1. TASARRUFUN İPTALİ DAVASININ HUKUKİ DAYANAĞI VE AMACI
Tasarrufun iptali davası, temel olarak İİK'nın 277 ila 284. maddeleri arasında düzenlenmiştir. Bu dava, cebri icra hukukuna özgü, alacaklıya alacağını tahsil etme yetkisi veren, nispi nitelikte bir dava türüdür. Davanın amacı, borçlunun malvarlığından çıkarmış olduğu belirli değerlerin, sadece davacı alacaklının alacağı ve ferileriyle sınırlı olmak üzere, sanki borçlunun malvarlığındaymış gibi kabul edilerek haczedilip sattırılmasına imkan tanımaktır. Dolayısıyla, iptal kararı tasarruf işlemini herkes için geçersiz kılmaz; yalnızca davacı alacaklıya, tasarruf konusu mal veya hak üzerinde cebri icra yetkisi verir.

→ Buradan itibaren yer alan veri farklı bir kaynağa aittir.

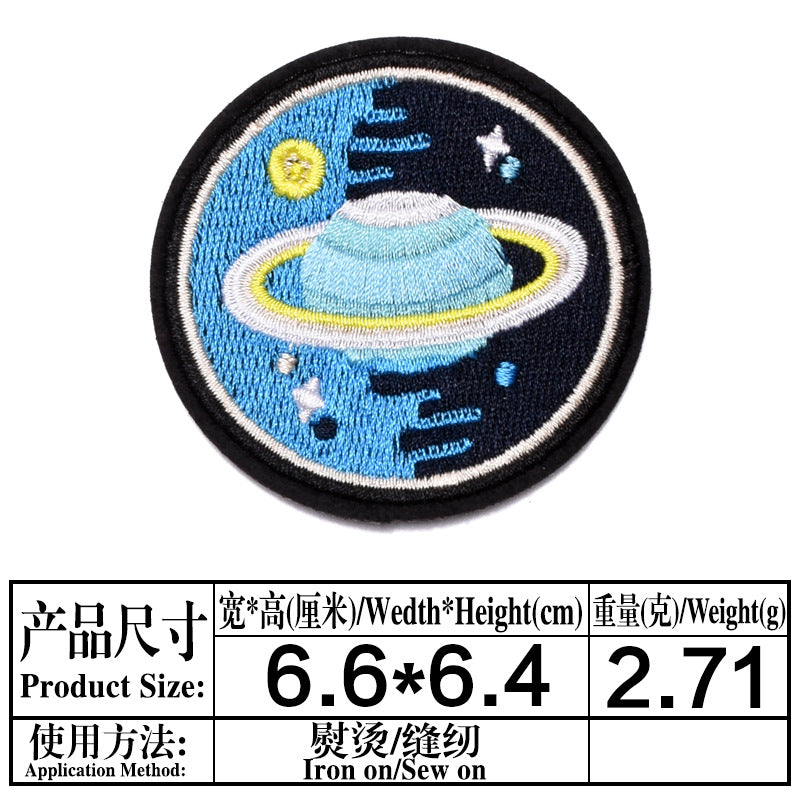 Wholesale Astronaut Space Embroidered Patches Planet Meteorite Combo Set DIY Fashion Accessory For Clothing Coats Gift Boutique Resale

Bu davanın açılabilmesi için, alacaklının borçlu aleyhine yaptığı icra takibinin kesinleşmiş olması ve bu takip sonucunda borcun tamamının veya bir kısmının tahsil edilemediğinin sabit olması, yani alacaklının elinde kural olarak geçici veya kesin aciz vesikası bulunması gerekmektedir (İİK m. 277). İşbu Dilekçe'de de icra takibine başlandığı (Madde II/2) ve aciz belgesinin dava şartı olduğu, ancak davanın her aşamasında sunulabileceği belirtilmiştir (Madde IV/2, Delil Listesi Madde 10).
2. TASARRUFUN İPTALİ DAVASININ GENEL ŞARTLARI
İİK'da düzenlenen tasarrufun iptali davasının açılabilmesi için aşağıdaki şartların birlikte gerçekleşmesi gerekmektedir:
a. Geçerli Bir Alacağın Varlığı: Davacının, borçludan olan alacağının hukuken geçerli ve genellikle tasarruf işleminden önce doğmuş olması aranır.

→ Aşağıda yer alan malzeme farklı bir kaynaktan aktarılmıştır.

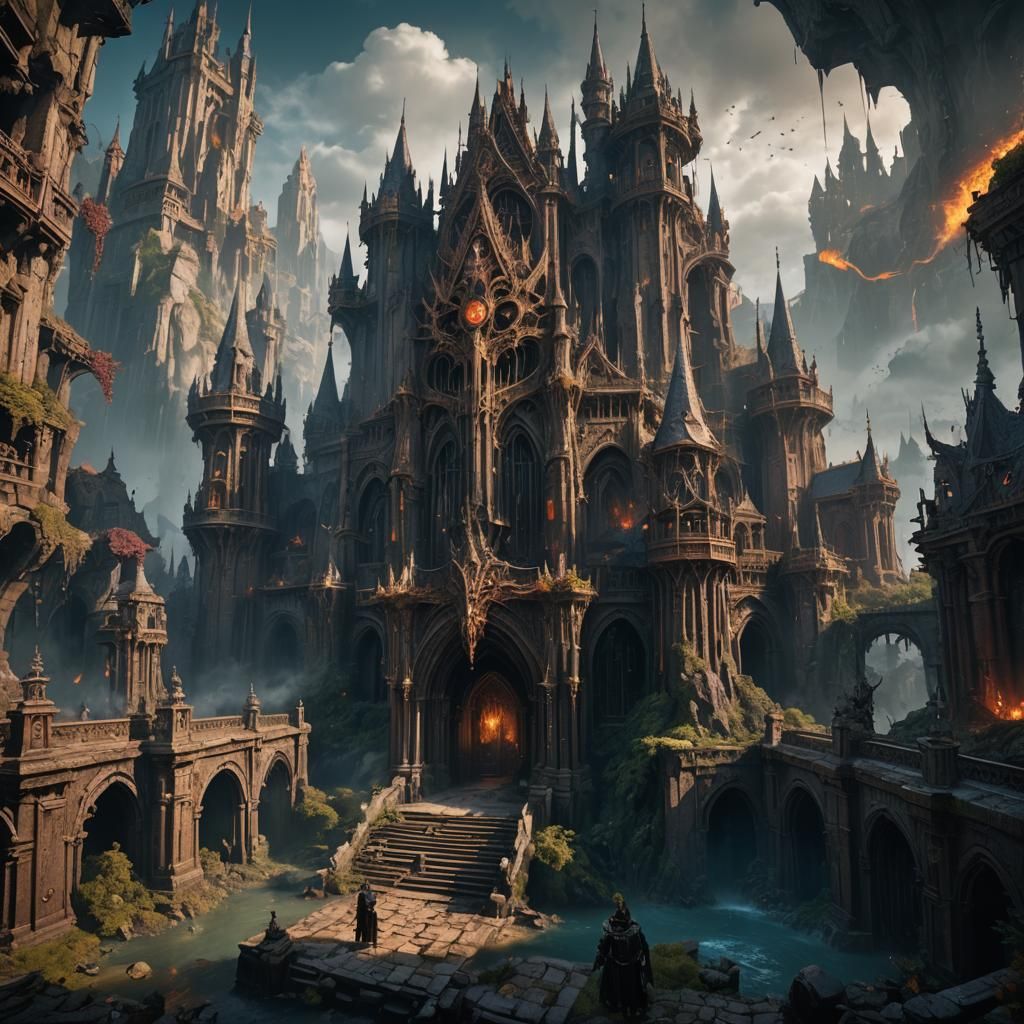 Fantastical Evil Souls in Detailed Matte Painting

b. Kesinleşmiş Bir İcra Takibi ve Aciz Vesikası: Alacaklının borçlu hakkında başlattığı icra takibinin semeresiz kalması ve bu durumun İİK m. 105 veya m. 143 uyarınca düzenlenen bir aciz vesikası ile belgelendirilmesi zorunludur (İİK m. 277/1). Yargıtay uygulamasına göre, kesin aciz vesikası dava şartı olup, davanın her aşamasında, hatta Yargıtay'da temyiz veya karar düzeltme aşamasında dahi sunulabilir. Geçici aciz vesikası (haciz tutanağı) da dava açmak için yeterlidir. İşbu Dilekçe'de de bu hususa değinilmiştir (Madde IV/2).
c. İptale Tabi Bir Tasarrufun Bulunması: Borçlunun, alacaklısına zarar verme kastıyla veya İİK'da belirtilen diğer koşullar altında malvarlığında eksilmeye neden olan bir tasarruf işlemi yapmış olması gerekir (Madde II/3, IV/1). Bu tasarruflar İİK m. 278, 279 ve 280'de kategorize edilmiştir:
i. **İvazsız (Karşılıksız) Tasarruflar (İİK m. 278):** Bağışlamalar ve kanunda sayılan bazı yakın akrabalar arasındaki veya diğer ivazsız kazandırmalar, belirli süreler içinde yapılmışsa (hacizden veya iflas kararından önceki son 2 yıl gibi), borçlunun kastına bakılmaksızın iptale tabidir. İşbu Dilekçe'de belirtilen muvazaalı devir ve düşük bedel iddiası (Madde II/3, IV/1), bu madde kapsamında değerlendirilebilir.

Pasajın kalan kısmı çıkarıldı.